* **Work to complete**:
Take the line containing "this 250×188 image." and every line after it to the end of the material below; reproduce them exactly, without pictures.

** Opening Record extracts block **

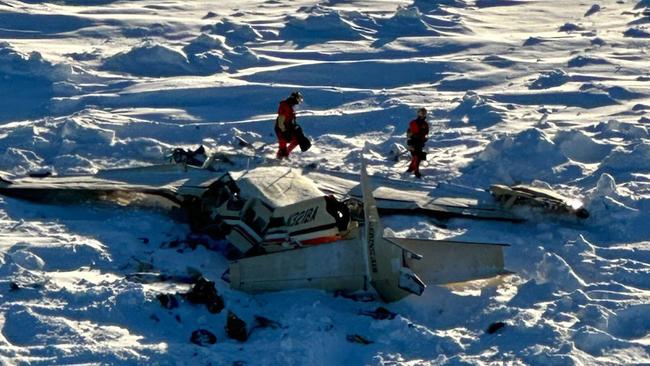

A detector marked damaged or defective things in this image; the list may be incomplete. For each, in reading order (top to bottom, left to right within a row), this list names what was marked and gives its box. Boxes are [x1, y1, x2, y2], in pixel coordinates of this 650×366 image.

wrecked airplane [0, 156, 512, 302]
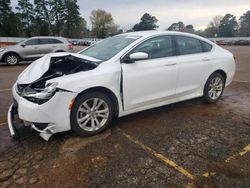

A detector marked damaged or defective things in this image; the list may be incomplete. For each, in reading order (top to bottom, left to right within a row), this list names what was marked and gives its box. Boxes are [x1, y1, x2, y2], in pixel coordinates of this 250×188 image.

crumpled hood [16, 51, 100, 83]
broken headlight [21, 82, 58, 104]
front end damage [7, 52, 98, 140]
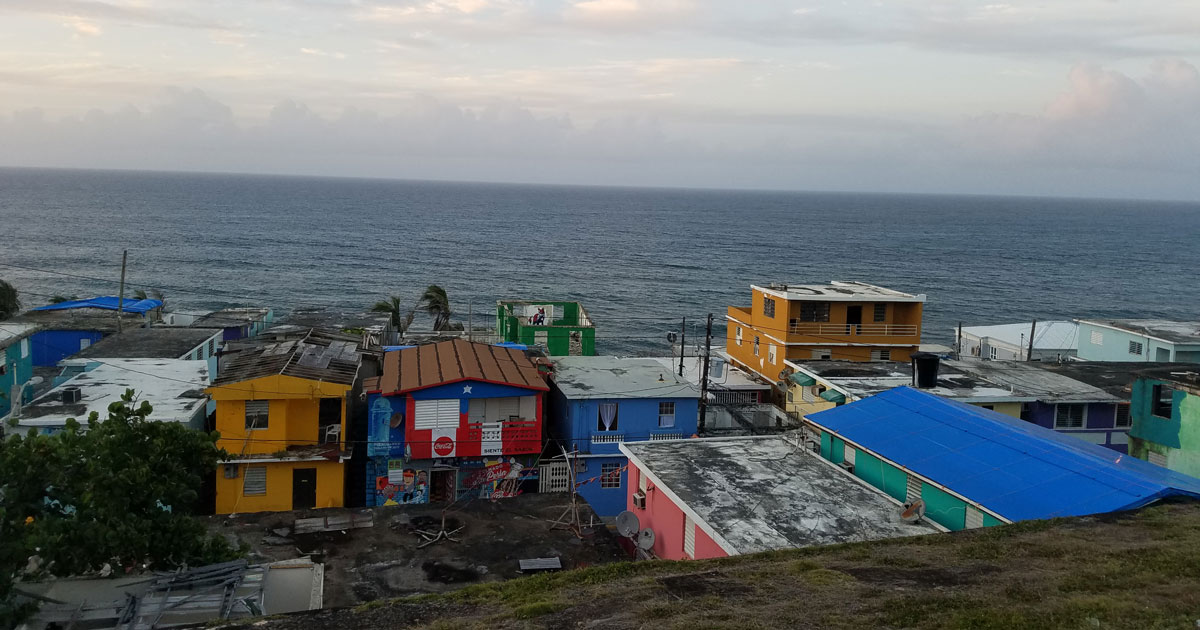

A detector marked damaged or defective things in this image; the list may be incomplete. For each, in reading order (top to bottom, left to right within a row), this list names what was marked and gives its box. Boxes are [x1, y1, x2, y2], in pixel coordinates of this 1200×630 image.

** Closing Record extracts block **

* **Response to the task**:
A detector marked damaged or defective things in this image; the list may be incomplete. For each, in reading order (top to bottom, left to right within a row), this list names what was marked and gives its box. Boxes are [x1, y1, x2, y2], in pixel coordinates of this 250×188 image.

crumpled hood [16, 51, 100, 83]
broken headlight [21, 82, 58, 104]
front end damage [7, 52, 98, 140]

A detector marked damaged or defective things in this image; the list may be incomplete. For each, in reading order (top to bottom, left to right within a row), this list names what was marked and gives its box. Boxes are [x1, y1, x2, y2], in pixel coordinates of this 1200×630 image.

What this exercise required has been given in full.